Best ways to achieve performant queries with ledger

Hello there,
I am wondering about how to properly do fast queries in the below scenario.
Say today we have a template which the contract size increase over time by a huge amount. However, at each point in time, we only care about the contract after the previous query.

For example, at the beginning of the day (t means at specific time and q means query comes in)
t1: 1M contracts
q1: query1 comes in only cares about 1M contracts, queried and process them
t2: +1M contracts => 2M contracts
q2: query2 comes in only cares about the new 1M contracts that hasn’t been processed
t3: +1.5M contracts => 3.5M contracts
q3: query3 comes in only cares about the new 1.5M contracts that hasn’t been processed

Assuming no caching at all in the Java ledger client application, all the contracts need to be queried upon query comes in. What is a better way to minimise the time spending on querying?
Should we leverage JSON API server (and use some fields to filter e.g. unprocessed status), or if going directly using GRPC and filtering on the client side will actually be faster? or if there’s any other way.

Thanks a lot in advance!

1 Like

First, the JSON API is an ordinary ledger client. There is nothing it can do that you cannot possibly do yourself in a gRPC client application.

It really depends on what you mean by

As in, the ones that were created after a given offset? That is the most natural approach to implement “only process new contracts”, and there is almost certainly no reason to use the JSON API in this case, but that is incompatible with

because you have to store an offset to implement this.
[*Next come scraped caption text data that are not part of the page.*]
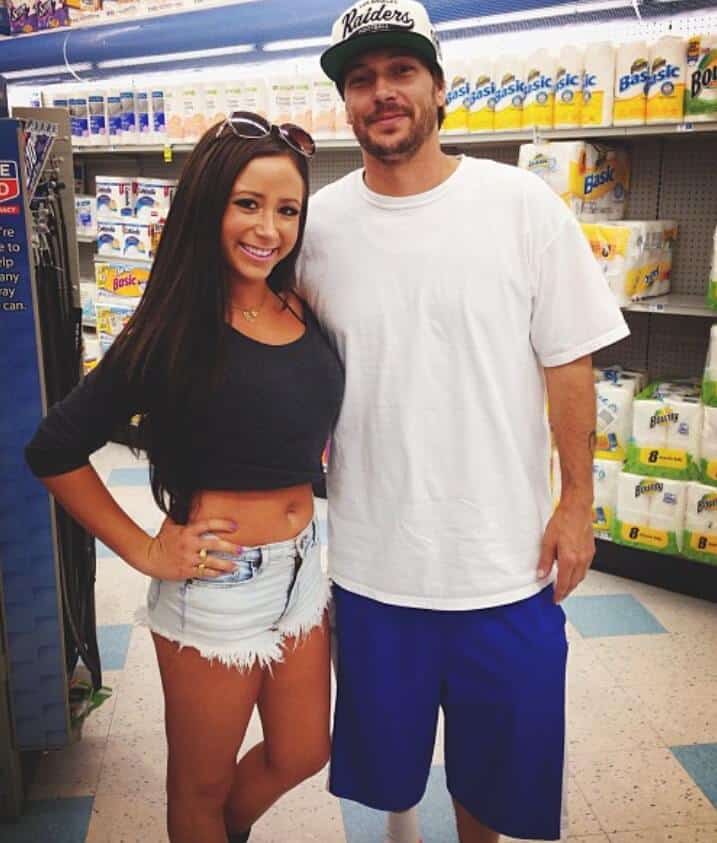 Kevin Federline with Amber Scholl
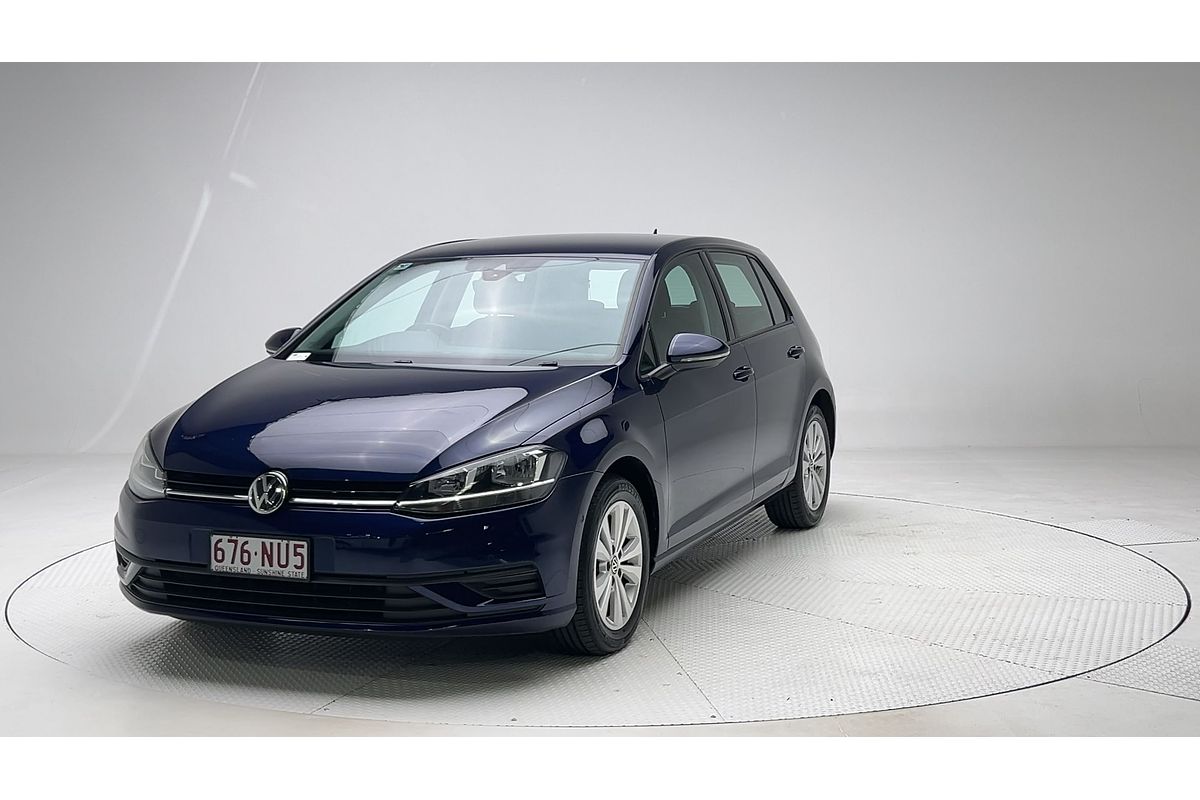 2018 Volkswagen Golf 110TSI Trendline 7.5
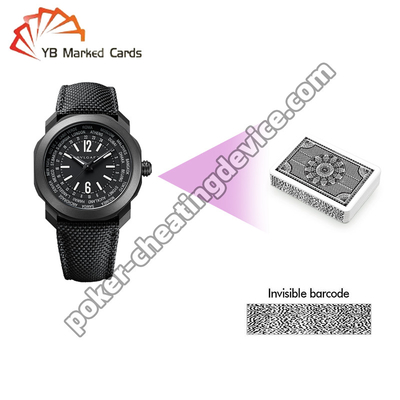25CM Watch Πόκερ κάμερα σαρωτής του πόκερ αναλυτής εξαπάτηση συσκευή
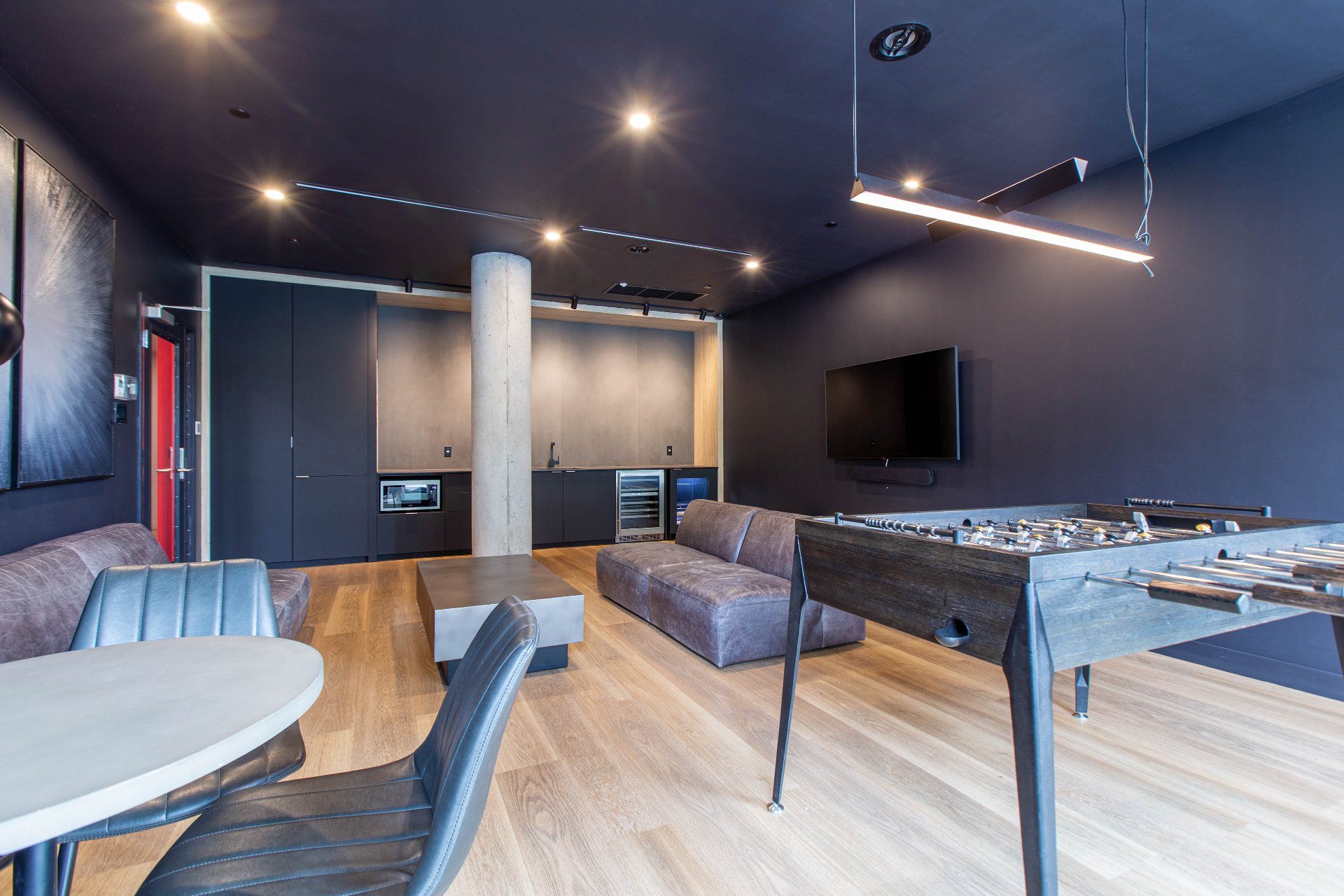 Photo -  Salle d'exercice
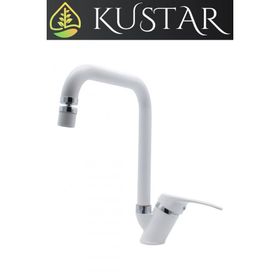 Kustar Lexus Beyaz Mutfak Evye Bataryası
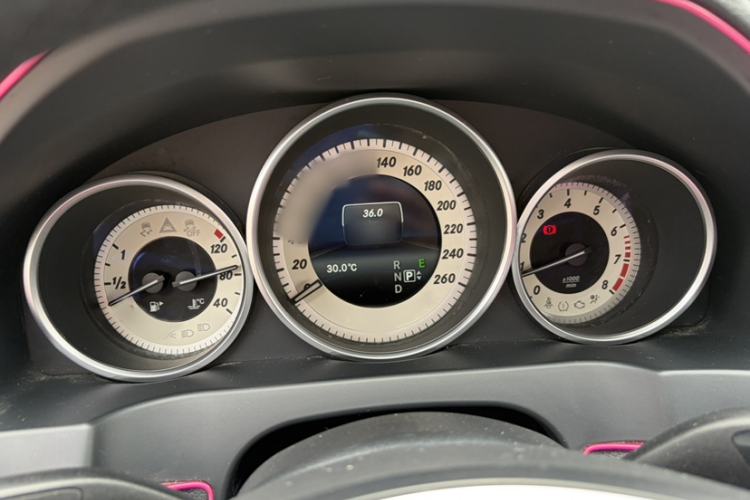 Used Mercedes-Benz E-Class 2014 E 200 Coupe Instrument Cluster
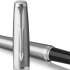 Ручка перьев. Parker Urban Core F200 (1931605) Metro Metallic CT M ст.нерж. подар.кор.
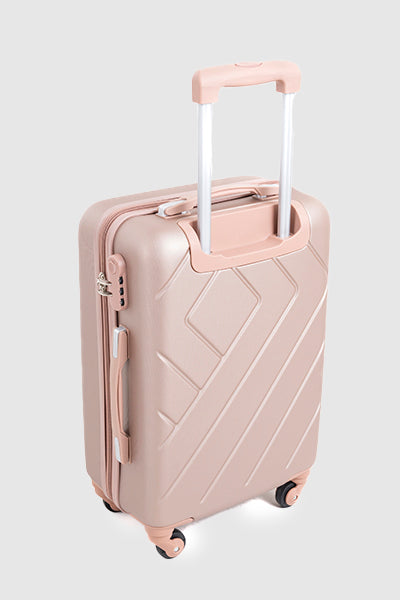 maleta rombo ORO ROSA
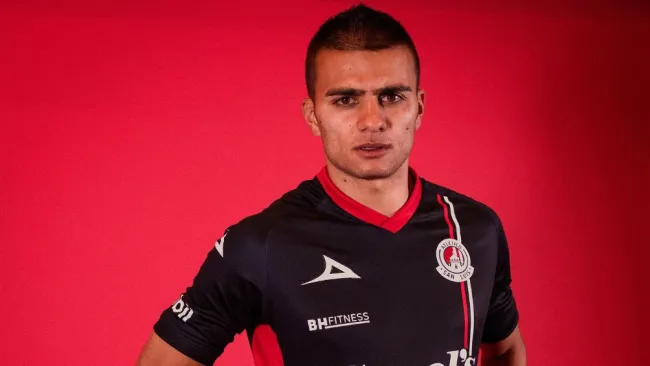 Atlético de San Luis presentando nuevo uniforme
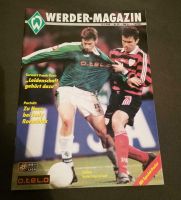 Werder Magazin Nr. 59 vom 12.09.1998 gegen Rostock / Leverkusen Bremen - Schwachhausen Vorschau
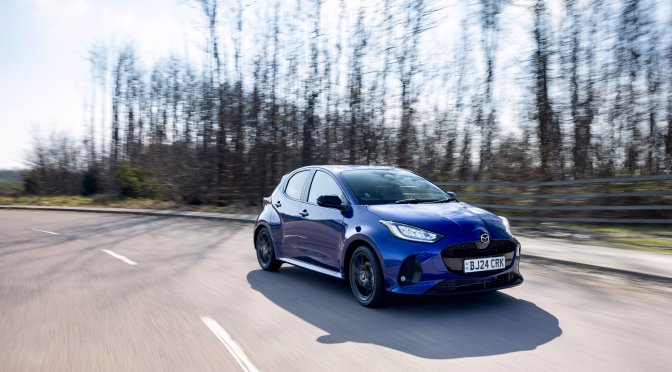 2025 Mazda2 a stylish supermini with hybrid power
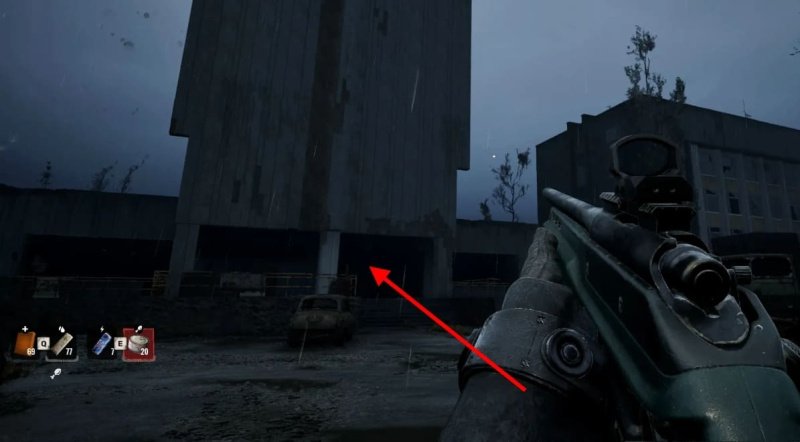 STALKER 2 лучшее оружие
This strikes me as crying out for rearchitecture. If you have a template T with a status : Bool field, and a contract with False is semantically unlike a contract with True, then in reality you probably want two templates Tfalse and Ttrue with sets of choices relevant to their “status”, and this advice broadly applies to any “status” field.

Then, your application’s rule is “process all contracts of template Tunprocessed”, and this has some interesting properties that make it interact cleanly with the ledger, regardless of choosing gRPC or JSON API:

  1. It’s a “fix the ledger” application so if a run fails after only processing some contracts, you can just run it again. There’s no possibility of a “missed” contract, because all existing contracts are candidates for processing no matter when they were created.
  2. The “ACS + transaction stream after offset” is an efficient way to retrieve exactly the set of contracts to consider while skipping already-handled contracts. There is no need for further filtering.
  3. There is no need to remember anything on the client.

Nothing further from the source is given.